Universities loom large in my life at the moment. I've done a talk today at Manchester Met Business School, and I'm judging a start-up competition at Leeds Met on Tuesday. And yesterday I came across this from Leeds University Business School:
"Take the Leeds MBA and you will greatly enhance your career prospects. That is the message from the 2009 annual Global MBA rankings of the Financial Times, which will be published on Monday 26 January. LUBS has maintained a good mid-position in the world's top 100, being ranked 57th equal.
This year's survey is of the graduates of 2005 and shows Leeds alumni achieving an average increase of 105% in salary over their pre-MBA situation. Leeds again is highly ranked, 3rd in the world, for value for money: the relationship between salary today and the costs of taking the programme. School performance indicators, indirectly related to the MBA, account for 35% of the overall score.
LUBS is 11th among the UK schools in this survey. We are listed above several well-regarded schools including those at the universities of Durham, Aston, Birmingham, Bath, Bradford, Edinburgh and Nottingham."

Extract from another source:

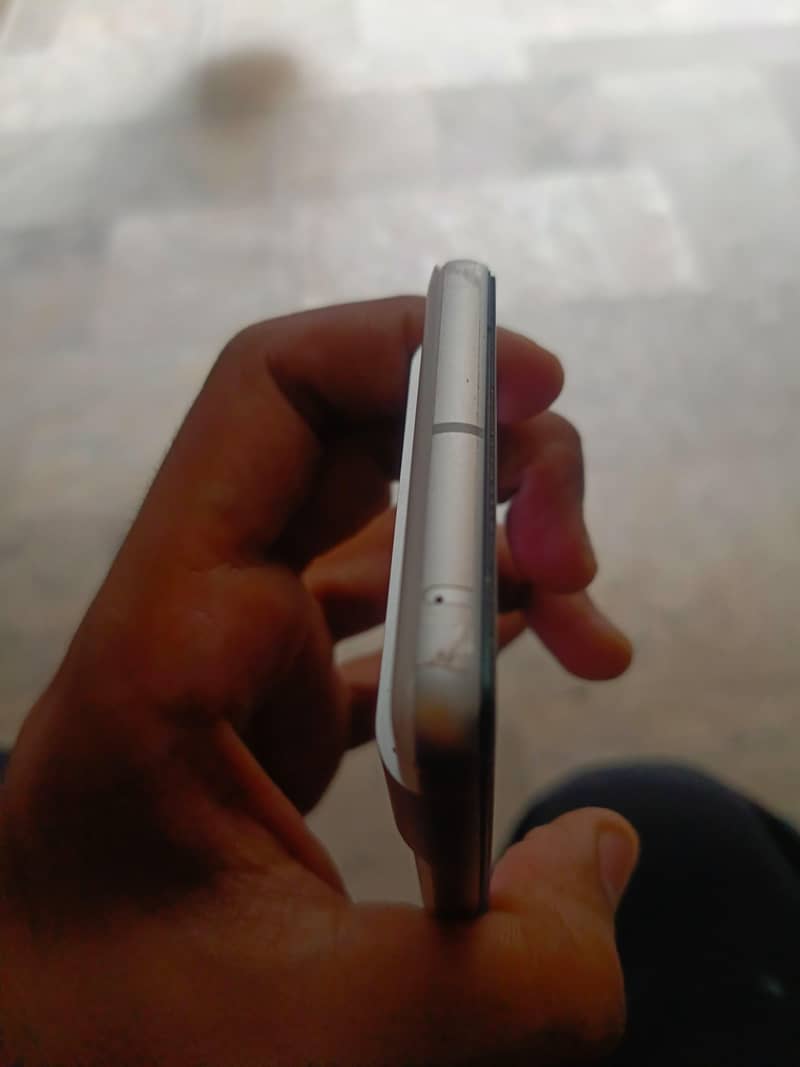 Google Pixel 7 6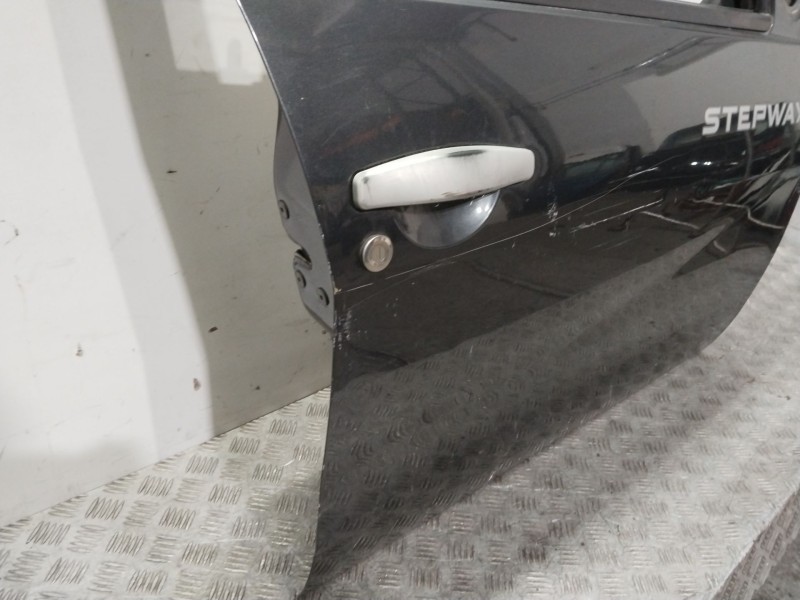 Recambio de puerta delantera derecha para dacia sandero (bs_) 1.5 dci referencia OEM IAM 801006719R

I don't know why, but it just made me laugh. There's something funny about being pleased with being 57th. And the focus on the increase in salary is to be expected, but is highly depressing. I'll look forward to reading next year's report :
"Leeds alumni were responsible for wiping £8.7 billion pounds off the value of their companies as a result of the outdated management models that ours, and similar MBA programmes, encourage. This ranks 63rd in the world and 4th in Britain."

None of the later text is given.